Heat treatment controls the balance between tensile strength, creep strength, and ductility. Incorrect heat treatment may reduce high-temperature performance, cause poor ductility, or create problems during welding and forming. For critical projects, the heat treatment condition should be written clearly on the purchase order.
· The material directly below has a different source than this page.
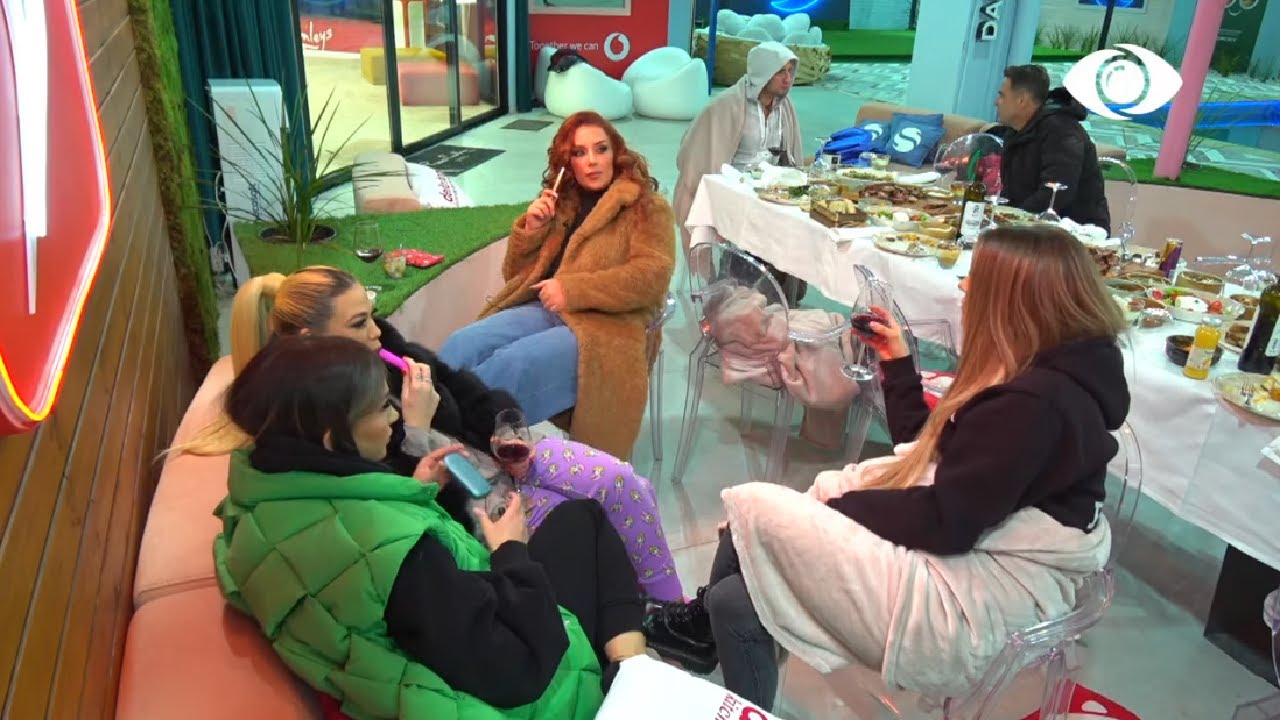 Luizi i bën komplimente Teas/ Kiara: Boll tani!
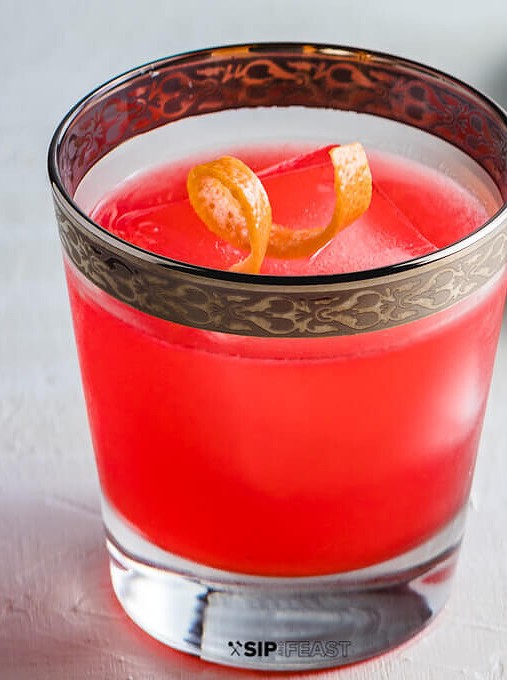 Grapefruit Negroni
Quality Inspection for Nimonic 263 Equivalent Materials

For Nimonic 263 equivalent materials, inspection should confirm both alloy identity and product compliance. A material can have the correct trade name but still fail to meet the required standard, heat treatment condition, or mechanical property requirement.

Common Inspection Items

MTC Must Match the Material

The material test certificate should show grade, heat number, standard, product form, size, heat treatment condition, chemical composition, and mechanical properties when required. The heat number on the MTC should match the marking on the delivered material.

Supplier Checklist for Nimonic 263 Equivalent Procurement

Before placing an order for Nimonic 263 equivalent material, buyers should provide complete technical information. This reduces the risk of receiving a material that matches the name but not the actual engineering requirement.

Nimonic 263 Equivalent Related Questions

What is the equivalent of Nimonic 263?

The main equivalents of Nimonic 263 are Alloy C-263, UNS N07263, W.Nr. 2.4650, NiCo20Cr20MoTi, and Nicrofer 5120 CoTi. In specification terms, AMS 5872 is commonly used for sheet, plate, and strip, while AMS 5886 is commonly used for rod and bar. BS HR10 and BS HR206 may also appear in aerospace and high-temperature material requirements.

Is Nimonic 263 the same as Inconel 718?

No, Nimonic 263 is not the same as Inconel 718. Nimonic 263 is a nickel-cobalt-chromium-molybdenum alloy with titanium and aluminum strengthening, while Inconel 718 is a nickel-chromium-iron alloy strengthened mainly by niobium-containing precipitates. Inconel 718 may be considered as an alternative in some designs, but it is not a direct equivalent to Nimonic 263.

What is Nimonic 263 used for?

Nimonic 263 is used for gas turbine parts, combustion chambers, exhaust cones, rings, casings, hot gas ducts, fabricated sheet structures, high-temperature fasteners, and other components requiring high-temperature strength, oxidation resistance, creep resistance, weldability, and good fabrication performance.